The multi-hypothesis kalman filter takes all measurements that are within a specific distance of the object and averages those together. This average is then used as the measurement for that specific kalman filter. Any that are not "claimed" by a kalman filter are used as the initial position for new kalman filters. There can therefor be multiple kalman filters for a specific object like a ball.

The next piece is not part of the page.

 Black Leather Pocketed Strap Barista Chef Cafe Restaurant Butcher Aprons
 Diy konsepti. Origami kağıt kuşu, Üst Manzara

Additionally, we use a simple geometric model to predict how the ball velocity will change when it bounces off of robots to improve the estimation.

World

The world object takes the list of packets from SSL-Vision and splits it into data for each camera. It then sends the data down to the cameras for processing. Once that processing is done, the world object then takes the best kalman filter for each object from each frame. The set of kalman filters corresponding to a single object from all the cameras are merged together based on their confidence. This set of merged objects are referred to with the World* qualifier and are our best estimates of the pos/vel of the objects.

VisionFilter

The vision filter module converts the protobuf format from SSL-Vision to a custom format with the Camera* qualifier. This removes all the extra data that isn't needed and makes it easier to edit code. Additionally, there are operations to push the data from the filter into the system state object.

The vision filter module is threaded to run at a very specific timing matching the kalman filter predict/update rate.